La longueur du trajet est d’environ 40 miles nautiques, soit une soixantaine de kilomètres.
Samedi 11 Mars, passage des écluses de Gatun
Comme les passages des bateaux de plaisance ne se fait désormais qu’en fin de journée, nous avons toute la matinée pour nous préparer à partir, c’est-à-dire à ne pas faire grand-chose : En effet, j’ai réceptionné la veille les 4 longues amarres que j’ai louées et ranger un peu le bateau. Au moins, Daphné, Victor et Julie peuvent se reposer un peu. La veille au soir, ils sont rentrés vers 22 heures de Panama City après plusieurs péripéties de taxi. Ils ont ramené quelques pneus que nous utiliserons comme pare-battages en complément des nôtres. Leur passage s’est bien passé, seules la dernière écluse a fait un peu monter le niveau de stress car il y a beaucoup de courant dû à la différence de salinité entre les eaux du lac Gatun et celles du Pacifique. Nous prévoyons de larguer les amarres vers 14 heures pour se donner un peu de marge.
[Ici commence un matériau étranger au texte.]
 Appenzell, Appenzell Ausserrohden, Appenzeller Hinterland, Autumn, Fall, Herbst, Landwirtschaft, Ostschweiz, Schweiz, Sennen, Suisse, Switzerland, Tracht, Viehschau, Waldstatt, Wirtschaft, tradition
Jusqu’au dernier moment, les filles sont avec leurs amis. So What passe en même temps que nous alors que Maïa passent dans 2 jours. Je serai certainement à bord avec eux car il leur manque un équipier. Yves nous rejoint avec son baluchon en début d’après-midi. Yves a déjà fait un tour du monde en famille il y a une vingtaine d’années et nous accompagne pour rencontrer d’autres équipages qui font le même périple. Il travaille actuellement sur un trimaran de course, Maserati, qui est en attente de pièces moteur. Il n’a donc rien à faire et est bien content de quitter un peu la marina de Shelter Bay. Personnellement, même si je n’ai pas fait encore le passage avant de transiter avec mon propre bateau, je me sens bien serein avec 3 personnes autour de moi l’ayant déjà fait, dont un marin professionnel !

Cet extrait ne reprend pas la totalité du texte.